- **Given material**:
Segment Open
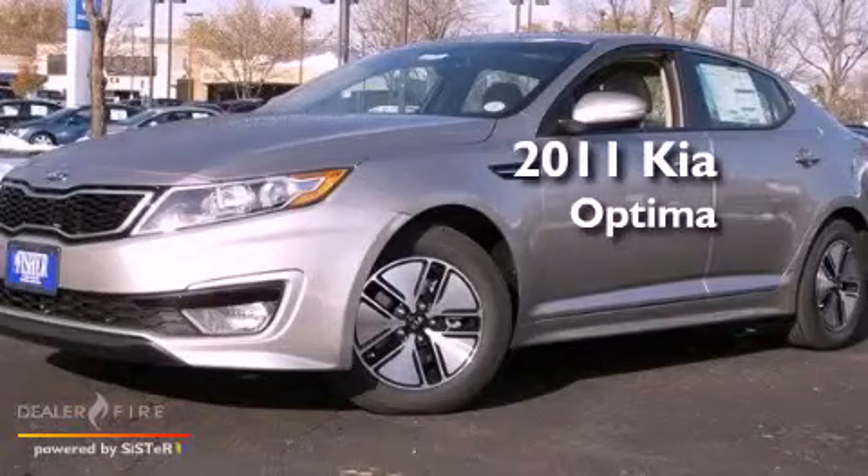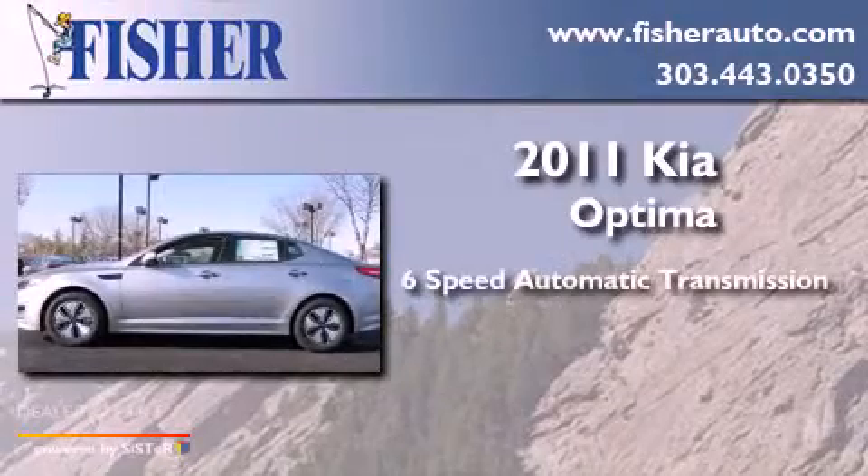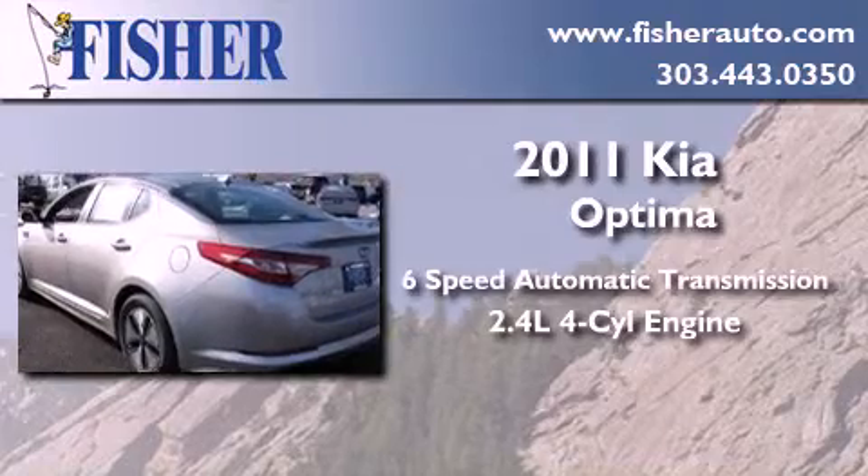This is a brand new 2011 Kia Optima. This four-door sedan has a six-speed automatic transmission and an inline four-cylinder engine.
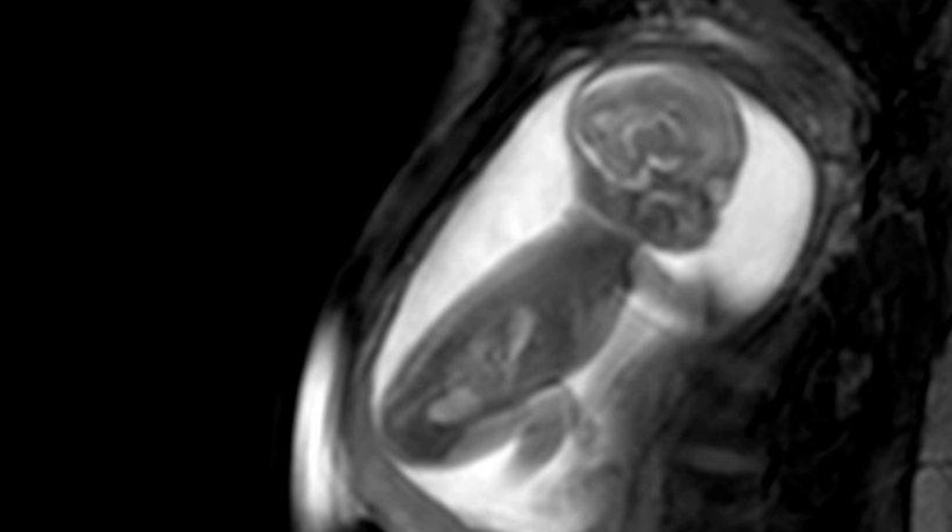David Lloyd, a researcher at King's College London, said: 'We hope that this approach will now become standard practice for the cardiology team at the Evelina, which annually conducts the prenatal diagnosis of 400 children.'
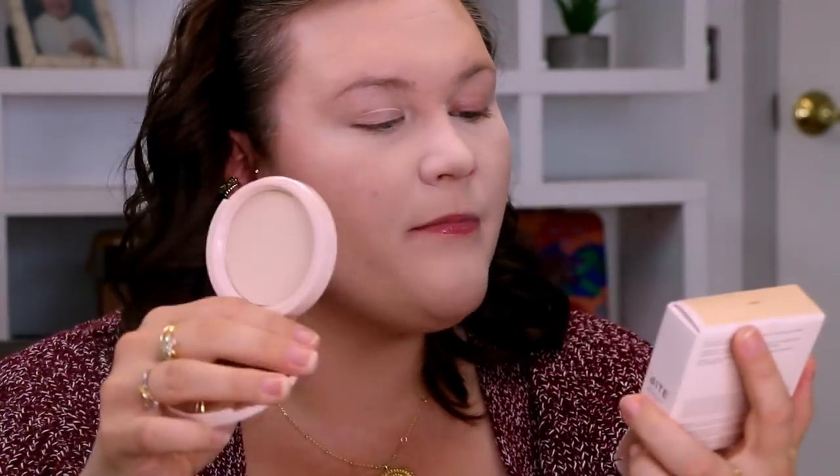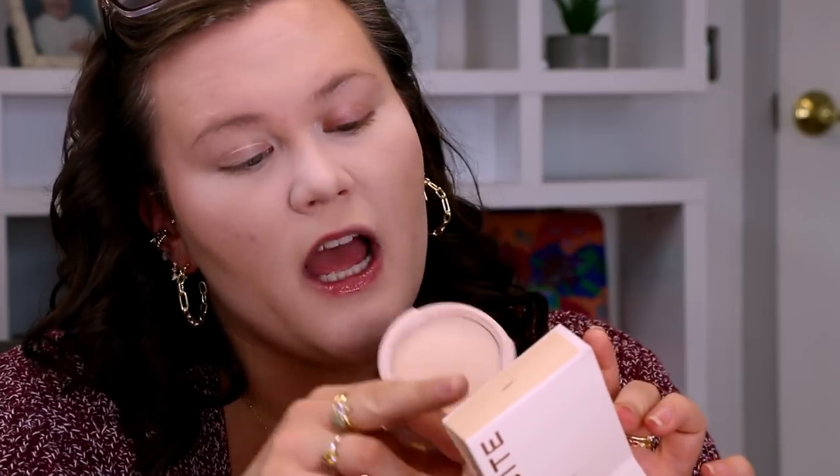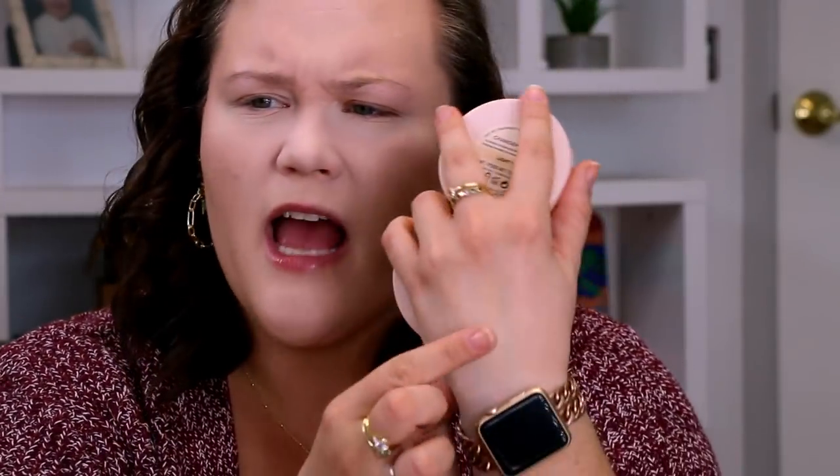That brings us into the powder. I grabbed this in the shade Light One — I might've gone a little too light, but we'll add some bronzer and it'll be fine. This is the Changemaker Flexible Coverage Pressed Powder. It says you can build, set, and touch up for flawless skin — coverage control is in your hands. I love that they made a powder you can build or sheer out. Look at how pretty that is — it feels really, really nice and has a light little blurring effect.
Segment Closed
- **Exercise aim**: Wherever an image sits in the data, omit it; everything else must be copied exactly.

- **Expected answer**:
This is a brand new 2011 Kia Optima. This four-door sedan has a six-speed automatic transmission and an inline four-cylinder engine.
David Lloyd, a researcher at King's College London, said: 'We hope that this approach will now become standard practice for the cardiology team at the Evelina, which annually conducts the prenatal diagnosis of 400 children.'
That brings us into the powder. I grabbed this in the shade Light One — I might've gone a little too light, but we'll add some bronzer and it'll be fine. This is the Changemaker Flexible Coverage Pressed Powder. It says you can build, set, and touch up for flawless skin — coverage control is in your hands. I love that they made a powder you can build or sheer out. Look at how pretty that is — it feels really, really nice and has a light little blurring effect.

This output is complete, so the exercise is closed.